Casting their music in the striated liquid of distorted power chords, the Cro-Mags use minimalism to make abrupt versions of the more aggressive rock music, amplifying its intensity by increasing its focus in a polarization not unlike a laser. Yet like heavy metal, songs use introductory riffs, and while they cycle between verse-chorus riffs, they break up these patterns with rhythm and phrasal divergence in riffs, also layering drums and bass and guitar in patterns repeating in overlay at different ratios throughout the work.

The result is the unique, metal-esque sense of prismatism, where a narrative composition returns in an evolving ring, modifying itself each time in an evolution driven by the poetic structure of each song. Riffcraft takes hardcore to its final stage by using two- and three-variant endings to budget riffs of a couple chords and a rhythm, enabling the development of motif and, like metal songs, having an odd sense of poor man's counterpoint where patterns occur at different harmonic locations in inverted or repeated direction, creating a topography of sound from mutations of the same basic idea.

In their embrace of a literality that sees reality as an ambiguous good derived from the service of both positive and negative, and a rejection of the underlying dominant theory of keeping peace by suppressing unpleasant conflict, the Cro-Mags also amplified hardcore to the point where the only remaining outlet is a Viking funeral: all illusions have been rejected and raw warfare is shown as the default state of humankind, eliminating the founding idea of rock music which was to simplify music and offer it like a TV dinner to a credulous couchbound mass. Lyrics about street battle, honor among the alienated, and a distrust of the prevailing illusion in both mainstream and populist form create a cachet for this band that has since been approximated by acts as diverse as Pantera and Public Enemy.

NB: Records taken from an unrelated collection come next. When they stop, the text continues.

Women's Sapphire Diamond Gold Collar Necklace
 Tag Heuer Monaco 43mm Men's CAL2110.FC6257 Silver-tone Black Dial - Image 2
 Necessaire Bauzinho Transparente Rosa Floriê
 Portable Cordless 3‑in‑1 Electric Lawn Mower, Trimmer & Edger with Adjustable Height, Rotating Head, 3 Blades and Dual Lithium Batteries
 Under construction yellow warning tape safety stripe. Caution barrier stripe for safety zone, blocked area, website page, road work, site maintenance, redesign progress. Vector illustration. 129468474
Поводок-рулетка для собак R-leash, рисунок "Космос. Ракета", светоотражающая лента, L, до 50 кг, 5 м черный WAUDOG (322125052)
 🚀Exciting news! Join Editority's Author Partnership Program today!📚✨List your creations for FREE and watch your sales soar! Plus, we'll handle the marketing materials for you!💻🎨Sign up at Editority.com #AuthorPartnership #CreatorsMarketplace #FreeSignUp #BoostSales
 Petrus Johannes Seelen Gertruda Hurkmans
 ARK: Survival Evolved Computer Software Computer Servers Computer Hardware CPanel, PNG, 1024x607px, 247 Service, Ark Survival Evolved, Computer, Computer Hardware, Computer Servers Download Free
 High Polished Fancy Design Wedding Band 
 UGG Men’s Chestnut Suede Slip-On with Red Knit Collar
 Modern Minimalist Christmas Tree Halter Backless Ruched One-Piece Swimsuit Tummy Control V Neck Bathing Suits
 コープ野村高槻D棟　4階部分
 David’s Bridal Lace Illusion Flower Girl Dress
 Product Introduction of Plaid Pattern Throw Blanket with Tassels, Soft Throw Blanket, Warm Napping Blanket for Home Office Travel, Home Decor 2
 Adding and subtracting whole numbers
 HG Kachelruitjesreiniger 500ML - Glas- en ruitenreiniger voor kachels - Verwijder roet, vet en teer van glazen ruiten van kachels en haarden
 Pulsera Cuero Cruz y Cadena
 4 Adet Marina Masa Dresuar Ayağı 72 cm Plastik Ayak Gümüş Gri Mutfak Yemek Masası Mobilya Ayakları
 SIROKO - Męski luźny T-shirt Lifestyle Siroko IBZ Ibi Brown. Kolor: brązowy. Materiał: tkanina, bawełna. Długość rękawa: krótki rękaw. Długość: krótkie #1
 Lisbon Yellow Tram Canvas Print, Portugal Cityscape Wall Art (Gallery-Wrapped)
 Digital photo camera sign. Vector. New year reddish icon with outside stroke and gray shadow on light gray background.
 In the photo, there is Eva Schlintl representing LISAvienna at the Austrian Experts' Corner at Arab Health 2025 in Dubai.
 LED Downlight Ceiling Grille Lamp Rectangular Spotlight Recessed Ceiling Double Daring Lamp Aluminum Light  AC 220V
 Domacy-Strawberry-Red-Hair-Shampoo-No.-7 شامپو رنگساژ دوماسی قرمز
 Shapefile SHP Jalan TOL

Aspects of this album show age but do not fix it at a time; first, the vocals are squirrely and vary between riot shouts and the kind of quasi-squealed, half-roared provocation that begins gang fights. Instrumentation and technique immediately got an upgrade through crossover and later death metal, to which this is very close in its tendency to make phrasal riffs (some precursors of other New York luminaries, like Incantation) and stratified texture shifting in temporal layers to reveal a topography of dynamic space implied by the sound. However, when taken as a whole, it stands above hardcore of the time and of now through its focus on the tangible as the literal as the real.


1. Death camps
2. Days of confusion
3. The only one
4. Down but not out
5. Crush the demoniac
6. Age of quarrel
Length: 25:48

Best Wishes (Profile Records, 1989)
All good things must end, and those that burn brightest last least, as they reach an apex and detonate. When that occurs yet external pressure persists an analogue must be made forgoing goals for the methods that once achieved them, plus randomness of musicians casting about for inspiration in technique, creating an amalgam of past visions ungrasped and current influences not quite internalized. The resulting salad confuses: appropriately, the Cro-Mags return with an album that has as many bits of Metallica's "Ride the Lightning" as past punk glories, including a saturation of solos, catchier choruses and smoother vocals. While the vocals on the original were annoying, now they are insincere; while the instrumentalism and musical knowledge are greater, they fill a void of momentum that limply gestures at an idea once not quite remembered in time for its creation. Avoid this album.